If the agreement reached is implemented accurately, Iran will forfeit for a decade or more its mini-break out insurance policy against external regime change adventurism. No doubt, its leaders have concluded that conditions inspiring regime change concerns in 2003 no longer obtain in 2015 and are not likely to arise in the foreseeable future. Tehran is therefore now in a position to accept payment—in the form of sanctions relief—in return for formalizing arrangements that would oblige it to take steps consistent with an outcome it finds desirable: no hand-tying regional nuclear proliferation.
Having embraced the premise that Iran was hell-bent on going nuclear and that the only alternative to a negotiated agreement would be military intervention, John Kerry, his European colleagues, and his team seem to have arrived at a respectable set of terms. As Israel considers its own reaction to the diplomatic outcome arrived at in Vienna, it too must take into account its complete investment in the premise and the availability of plausible alternatives to that which has been wrought diplomatically. For Congress the same considerations apply.
One can question the premise underlying this herculean diplomatic undertaking and the suitability of the terms at which negotiators arrived. Surely, a close congressional examination is in order. In the end, however, President Barack Obama—for better or worse—has committed the United States to a course of action that will attract broad international endorsement, thereby making the sustaining of international sanctions difficult should Congress succeed in derailing administration diplomacy.

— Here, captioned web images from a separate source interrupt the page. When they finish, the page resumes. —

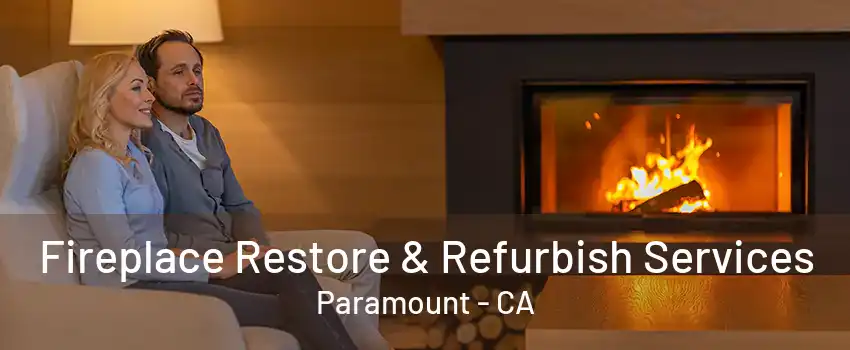 Fireplace Restore & Refurbish Services Paramount - CA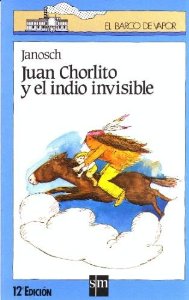 Portada del libro JUAN CHORLITO Y EL INDIO INVISIBLE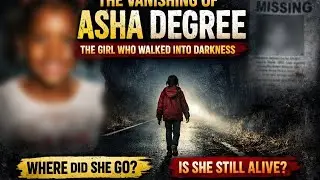 The Vanishing of Asha Degree: The 9-Year-Old Who Walked Into Darkness
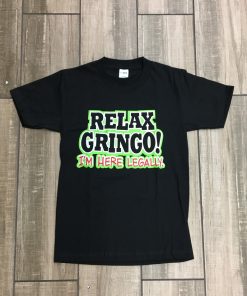 Relax Gringo I’m Here Legally T Shirt NF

Although Congressional review is of great importance, what is absolutely mandatory is that the United States, its allies, and its partners shift gears instantly to counter Iran’s profoundly negative impact on the war against ISIL. Although Tehran’s embrace of violently sectarian Shia militias in Iraq is a gift to ISIL that keeps on giving, it is its material support of Bashar al-Assad’s criminality in Syria that breathes oxygen into the lungs of the pseudo-caliph and his Iraqi Baathist enablers.
The administration has been reluctant to table Tehran’s facilitation of mass murder in Syria so long as the nuclear talks were ongoing. This reluctance must cease forthwith. Iran has it in its power to force Assad to abandon the barrel bombing and starvation sieges that boost ISIL recruitment both internationally and within Syria. Iran has the leverage to oblige the regime and its Potemkin government to deal seriously with United Nations Special Envoy Steffan de Mistura and with the political transition process mandated by the Geneva Final Communique of June 2012.
John Kerry, his European colleagues, and his skilled negotiating team (featuring Secretary of Energy Ernest Moniz, Under Secretary for Political Affairs Wendy Sherman, and NSC Staff Senior Director Rob Malley) deserve top marks for their persistence, patience, and remarkable professionalism. But now is the time for the United States to engage Tehran intensively as the administration considers concrete steps to protect civilians in Syria, thereby setting the stage for the defeat of ISIL. Regardless of what one thinks of the nuclear agreement or the premise underlying it, that which is of transcendent importance now is that Iran’s support of mass homicide in Syria be effectively countered by the United States, its allies, and its partners. The battle against ISIL depends on it.
Frederic C. Hof is a Senior Fellow with the Atlantic Council's Rafik Hariri Center for the Middle East.